- Input data

====

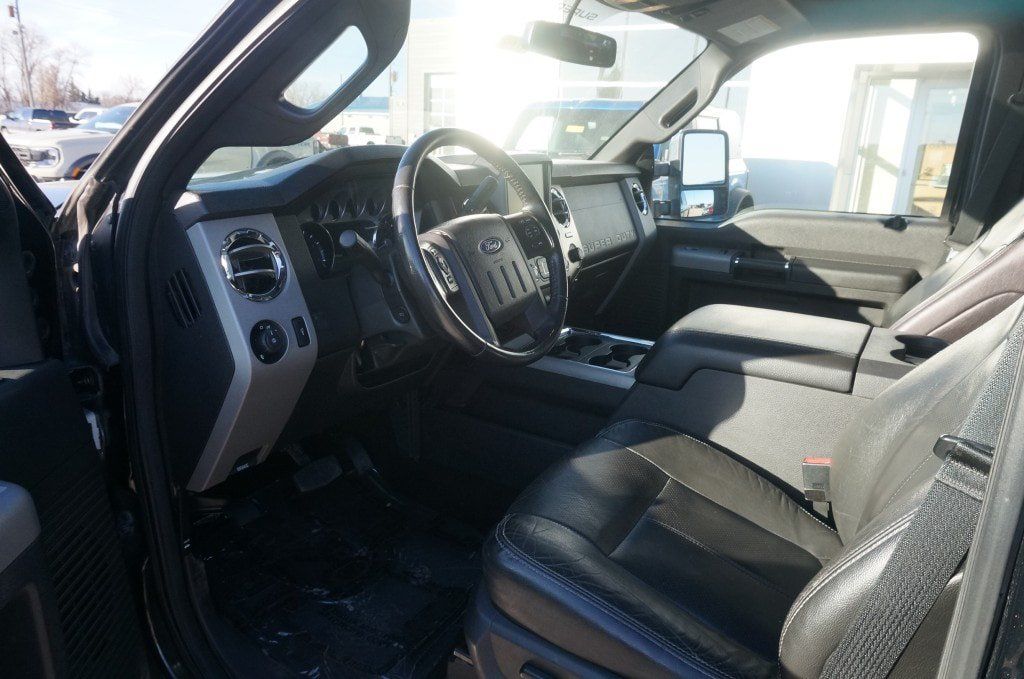 Used 2013 Ford F350 Lariat w/ Lariat Ultimate Pkg AWD/4WD image 10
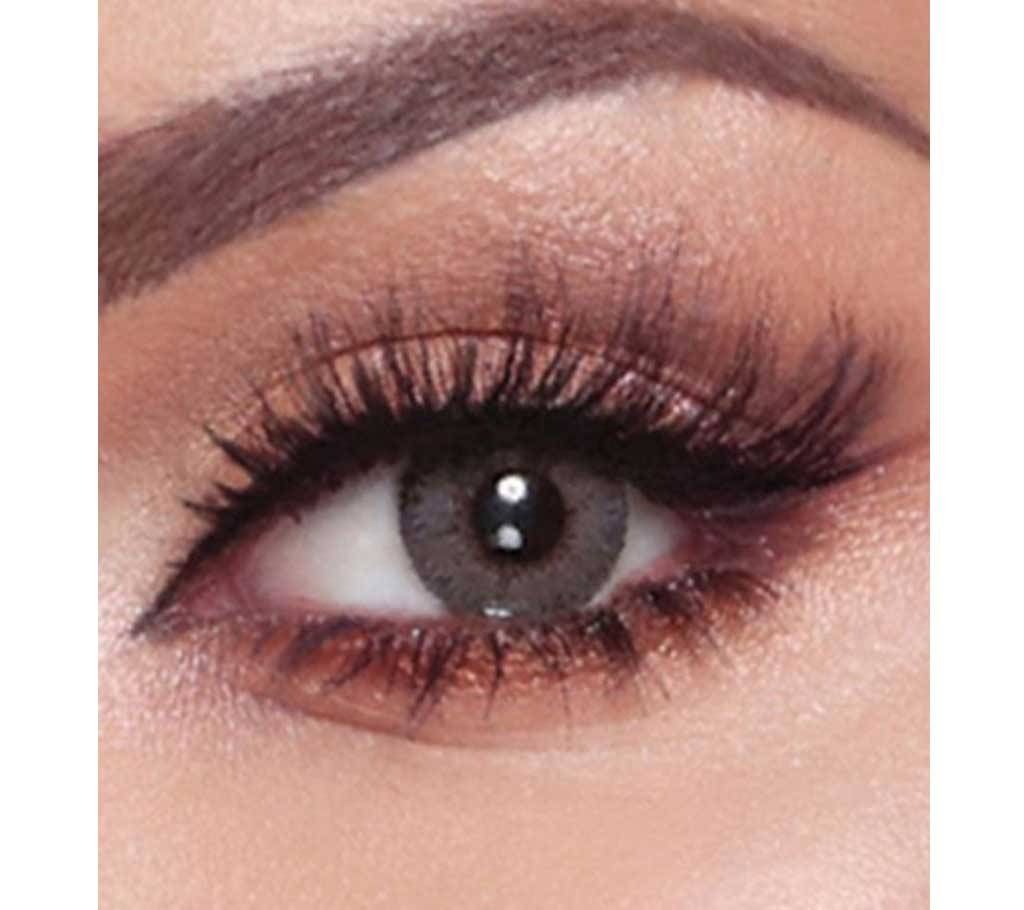 Bella Elite Contact Lens-  Amber Gray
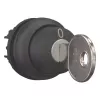 Eaton M22S-WS avainkiertokytkin, 2 asentoa, lukittuva, musta 216882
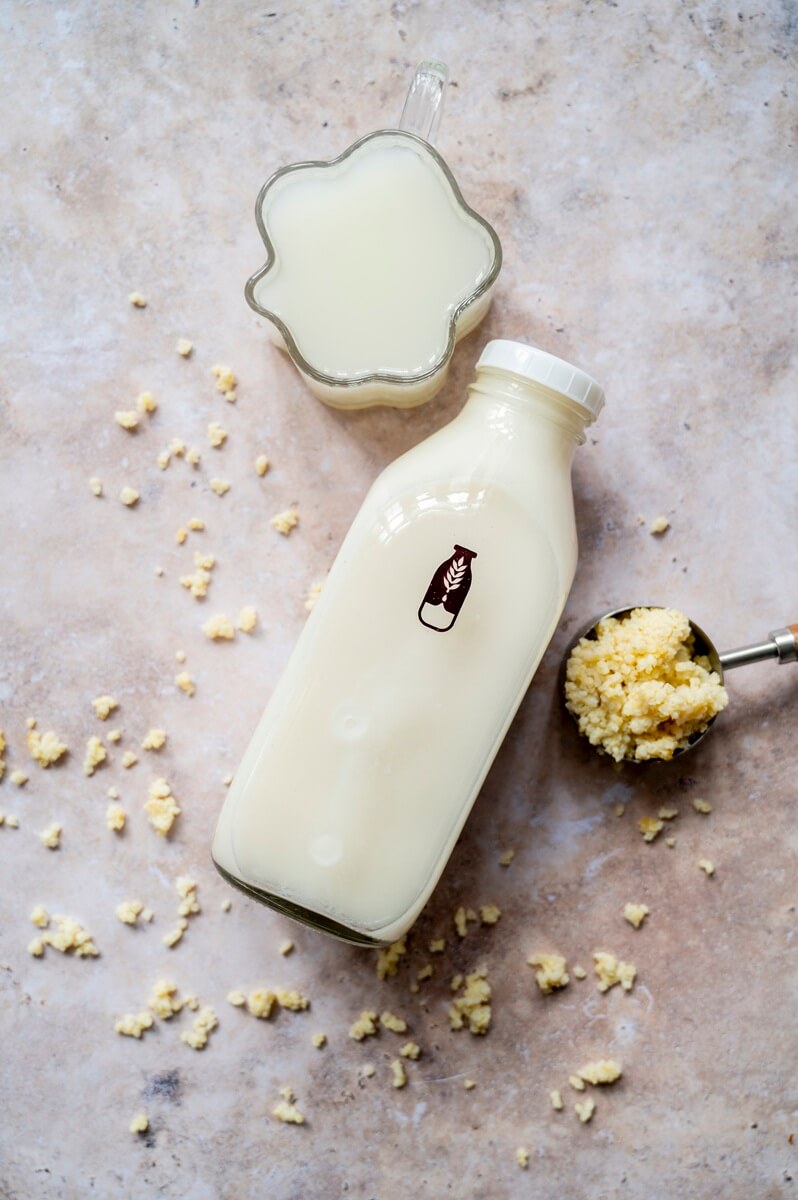 Latte di miglio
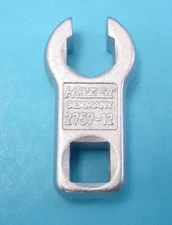 Mercedes-Benz Flare Nut Socket Clutch Cylinder Oil Pipe Hazet Germany 2757-12 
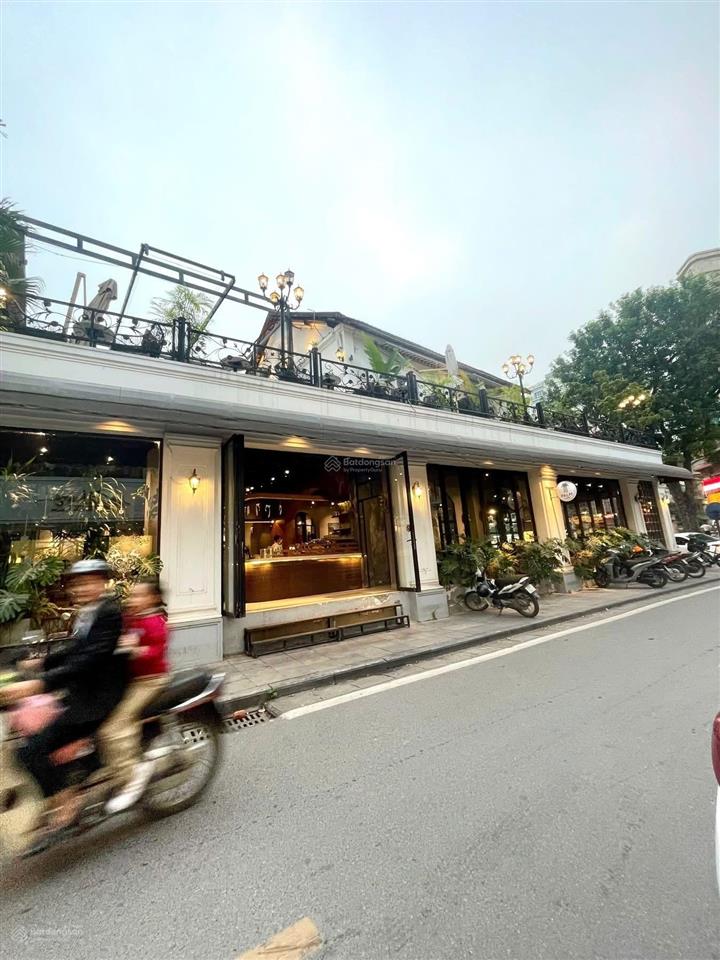 2 mặt phố quang trung ( ngô văn sở)lô góc dt 416m, 2 tầng, mt 20m gia 419 ty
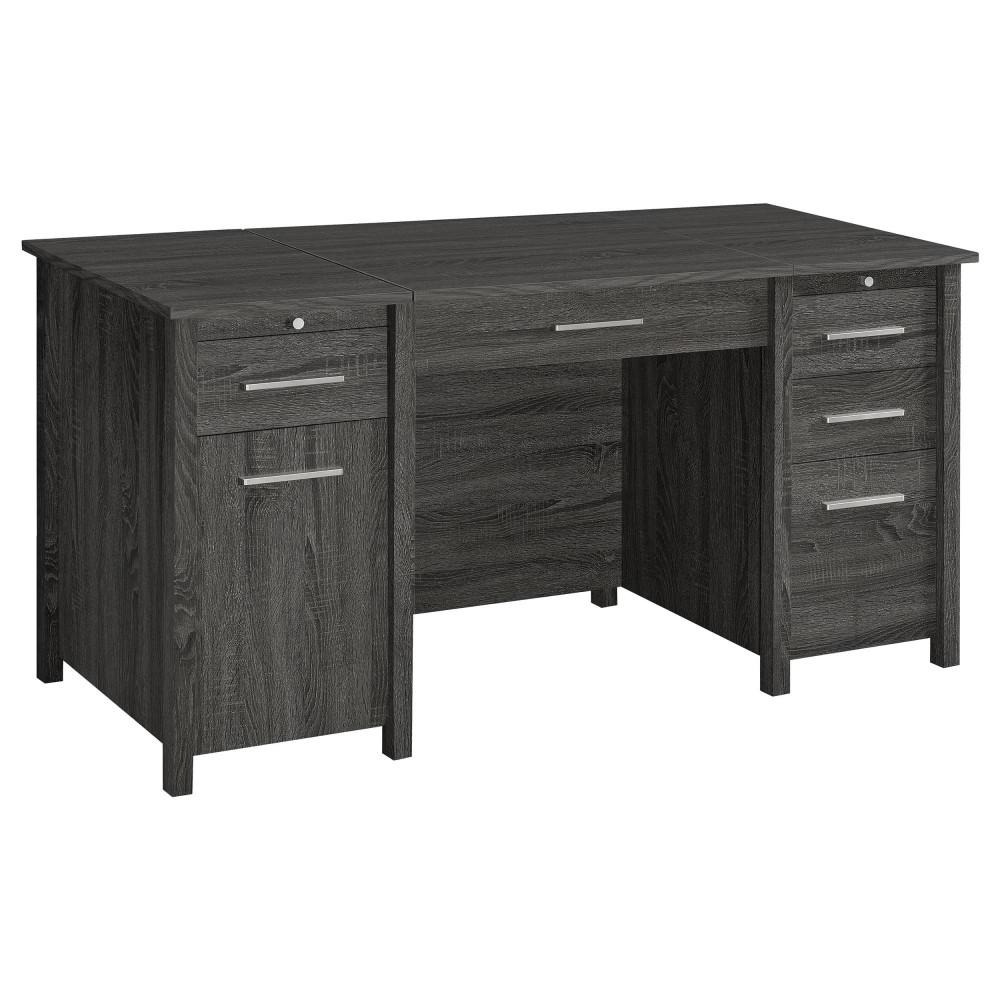 Dylan 4drawer Lift Top Office Desk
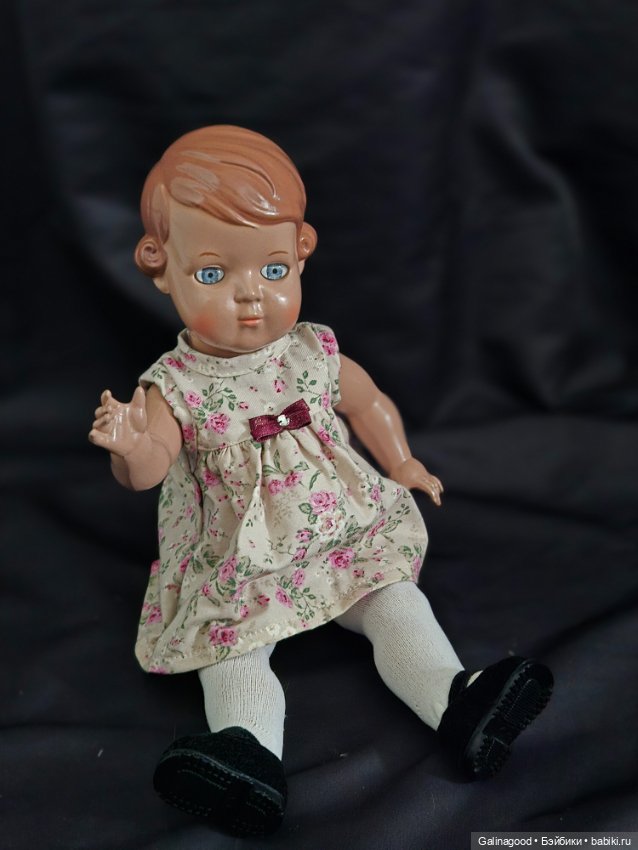 Inge Schildkröt — Винтажные куклы и игрушки детства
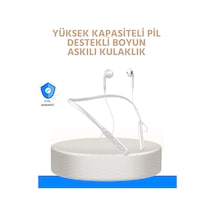 Gürültü Azaltıcı Ergonomik Boyun Askılı Kablosuz Kulaklık 1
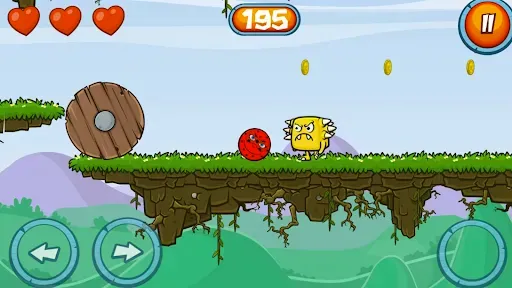 Скриншот 5 — Ladybug Red Ball - Bounce Ball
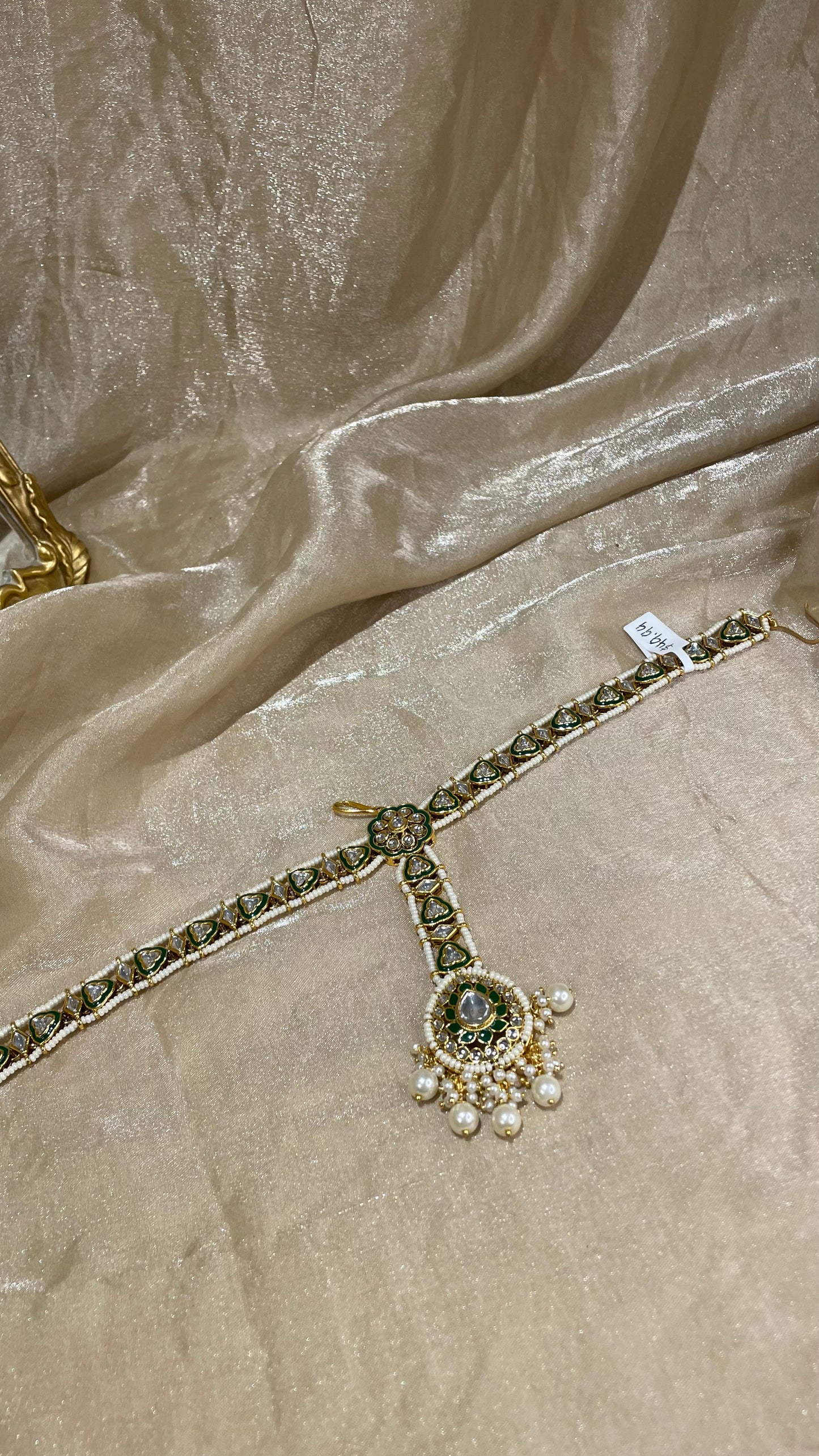 kundan matha patti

====

- Task prompt
Only the lines from the one containing "Скриншот 5 — Ladybug Red Ball - Bounce Ball" through the end of the records are wanted, set down exactly and without their pictures.

- Response to this task
 Скриншот 5 — Ladybug Red Ball - Bounce Ball
 kundan matha patti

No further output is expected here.